---------- Information

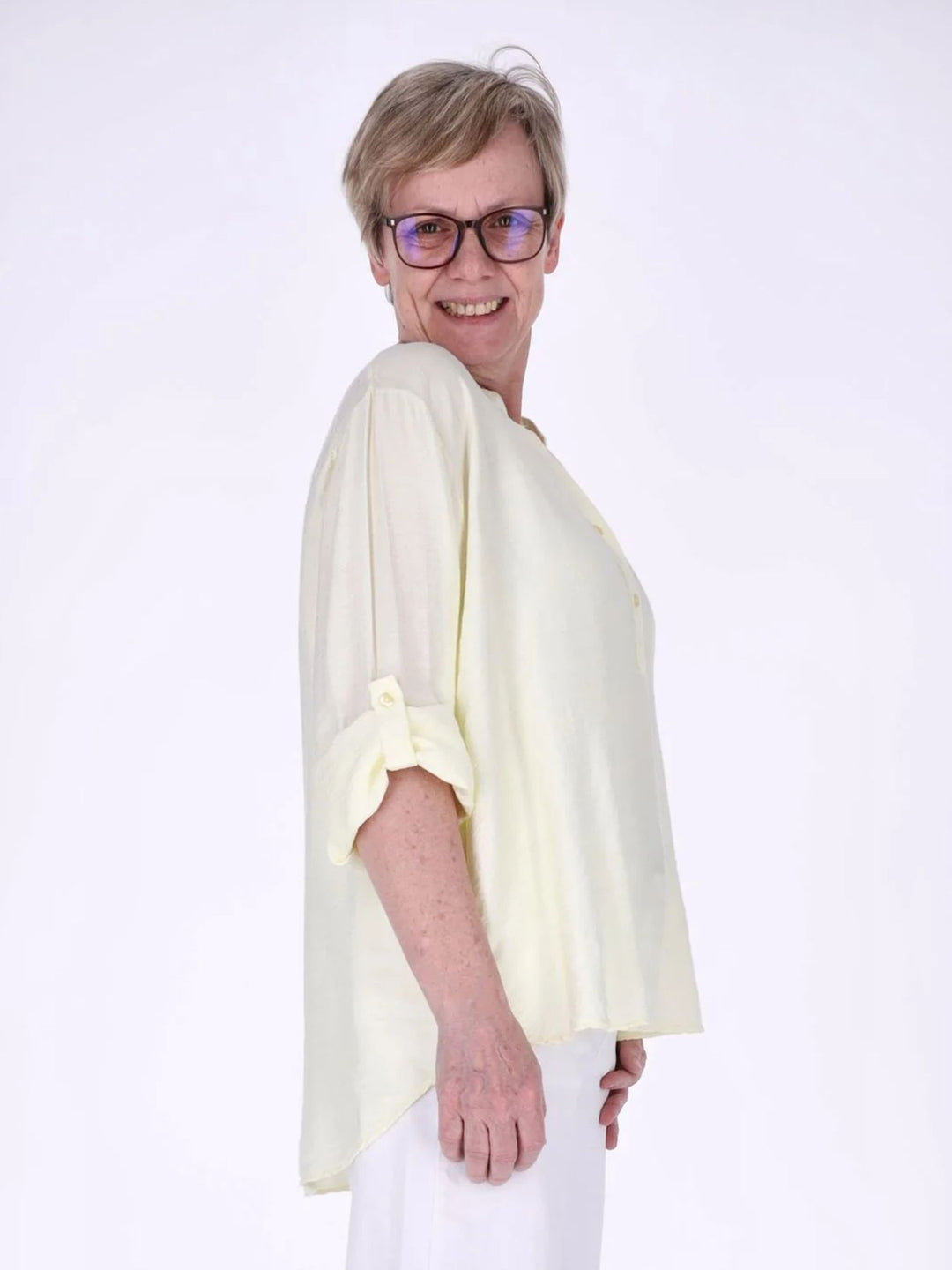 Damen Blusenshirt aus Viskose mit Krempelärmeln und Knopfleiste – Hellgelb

--------------------
---------- Information

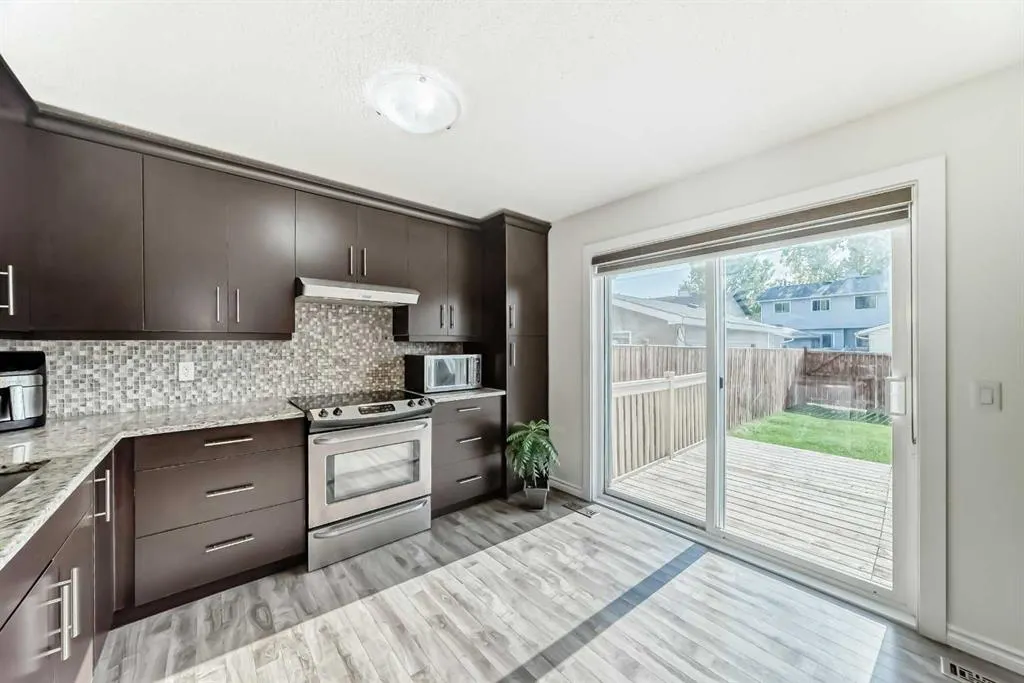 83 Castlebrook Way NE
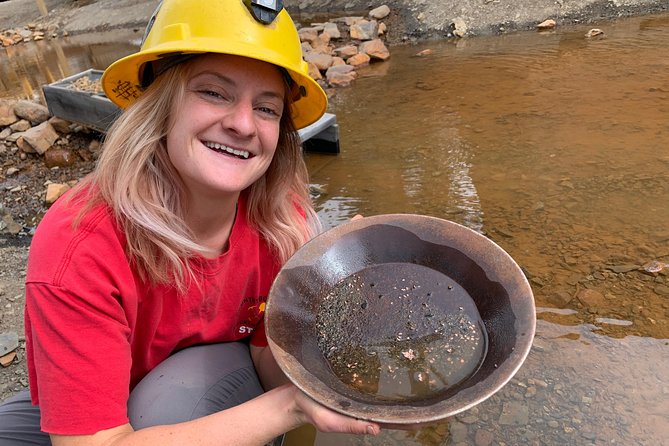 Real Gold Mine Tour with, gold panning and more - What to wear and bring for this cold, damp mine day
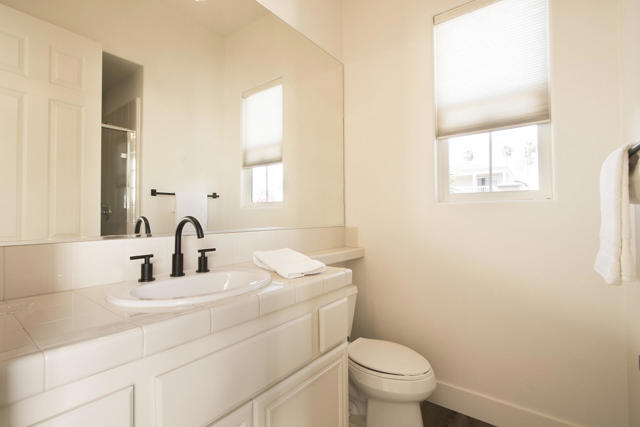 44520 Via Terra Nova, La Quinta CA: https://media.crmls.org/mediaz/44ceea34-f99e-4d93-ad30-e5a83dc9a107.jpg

--------------------

What is needed: Although pictures appear among the entries, please set down only the lines from the one with "Real Gold Mine" up to and including the one with "44520 Via Terra", word for word.

Answer space:
 Real Gold Mine Tour with, gold panning and more - What to wear and bring for this cold, damp mine day
 44520 Via Terra Nova, La Quinta CA: https://media.crmls.org/mediaz/44ceea34-f99e-4d93-ad30-e5a83dc9a107.jpg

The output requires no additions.